LES DEUX MANIÈRES DE M. MAETERLINCK

On a souvent reproché aux pessimistes que leur doctrine les rend impropres à l’action. Car, si nous n’assignons à la vie aucune fin utile et bonne, si nous sommes persuadés que tous nos efforts demeureront stériles, si tout notre labeur ne doit aboutir qu’à nous convaincre de notre impuissance, à quoi bon nous consumer en agitations dont nous avons par avance mesuré l’inutilité ? Les pessimistes s’empressent de répondre que leur système s’applique aux fins dernières de la vie et à l’énigme du monde et qu’il ne saurait donc en aucune manière modifier nos rapports avec les êtres et avec les choses : loin d’être débilités par une telle conception, ils y puiseraient bien plutôt de nouvelles raisons d’agir et un plus énergique sentiment du devoir.
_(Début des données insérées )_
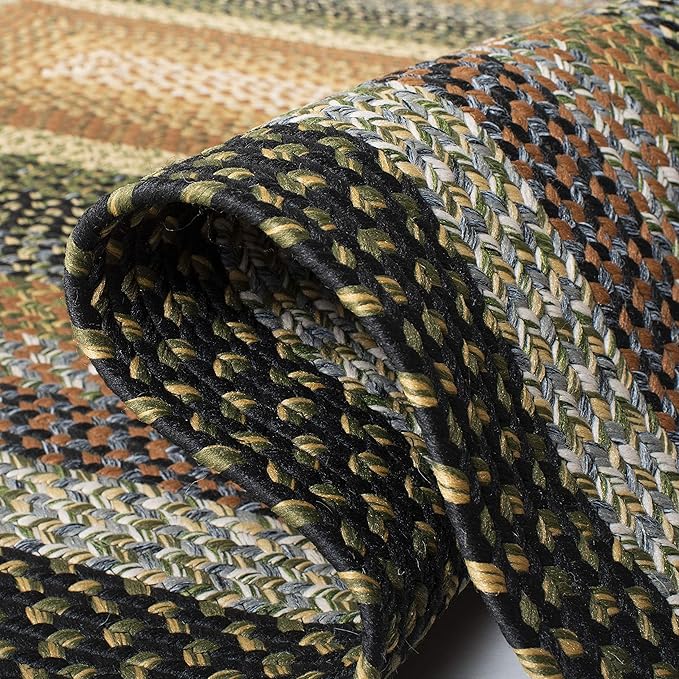 SAFAVIEH Washable Rug Outdoor Braided Collection - 7' x 10' Oval, Multi, Handmade & Reversible, Non-Shedding & Easy to Clean, Ideal for Patio, Backyard, Mudroom (BRD308A)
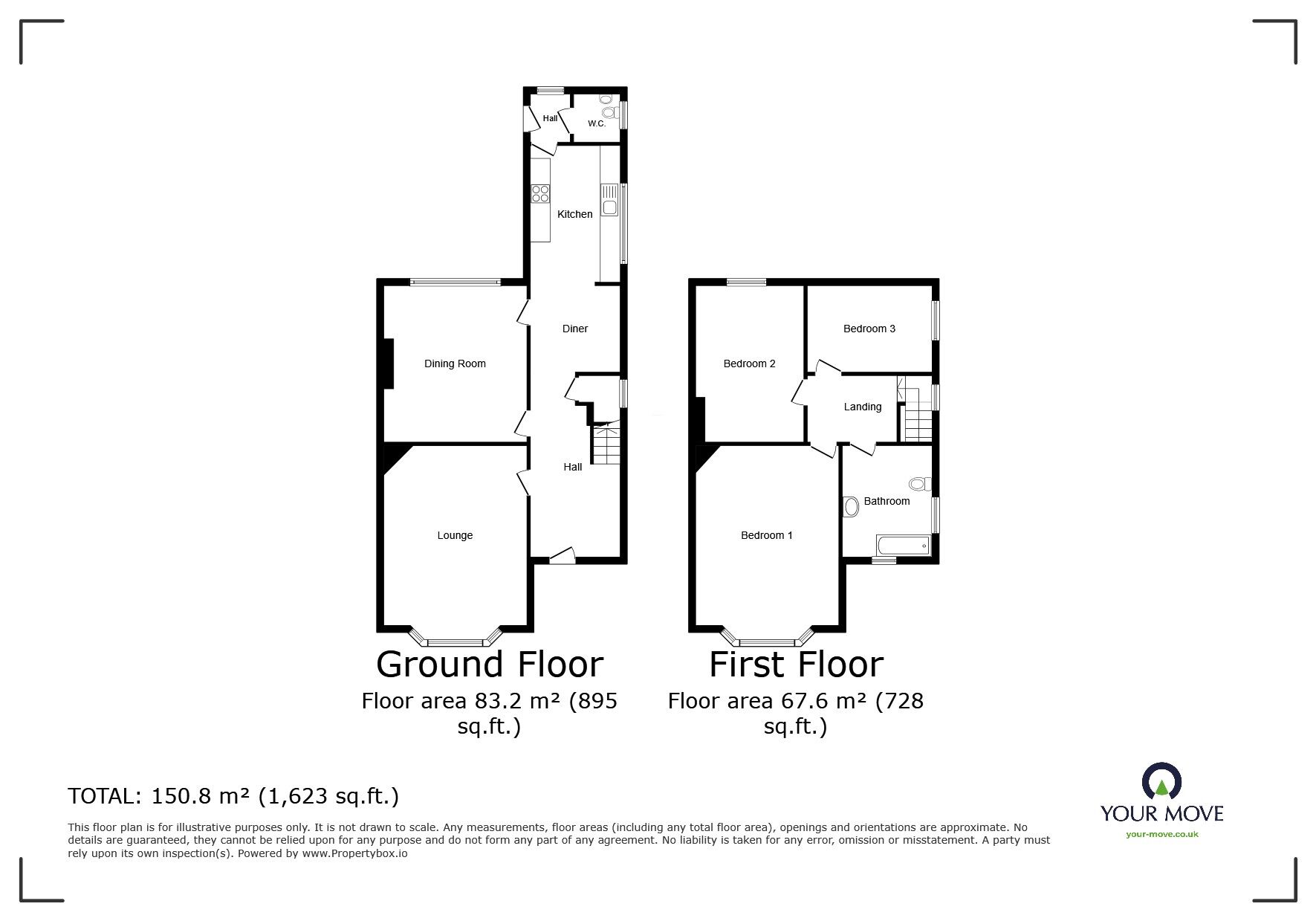 Floorplan of 3 bedroom Semi Detached House for sale, Brant Road, Lincoln, Lincolnshire, LN5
Ces deux opinions ont tout l’air d’être contradictoires, et si M. Maeterlinck, qui jadis avait si ingénieusement illustré la première, prend aujourd’hui parti pour la seconde, c’est donc qu’il a changé d’avis. Il le reconnaît en toute loyauté, et même il le déclare, pour le cas où quelques-uns de ses fervens ne s’en seraient pas aperçus. Ayant eu récemment l’occasion de réunir, en vue d’une édition nouvelle, les petits drames par lesquels il débuta, il y a une dizaine d’années, il les a fait précéder d’une préface où il indique qu’il ne retrouve plus en lui l’état d’esprit où il était lorsqu’il les composa. A notre tour, il nous semble curieux de rechercher comment l’auteur de la Princesse Maleine et du Trésor des Humbles est devenu celui de la Vie des Abeilles, du Temple enseveli et de Monna Vanna[1]. Nous y aurons tout au moins le spectacle

  1. Maurice Maeterlinck, Théâtre, nouvelle édition, 3 vol. (Lacomblez) ; le Trésor des Humbles (Mercure de France) ; la Sagesse et la Destinée, la Vie des Abeilles, le temple enseveli, Monna Vanna (Charpentier).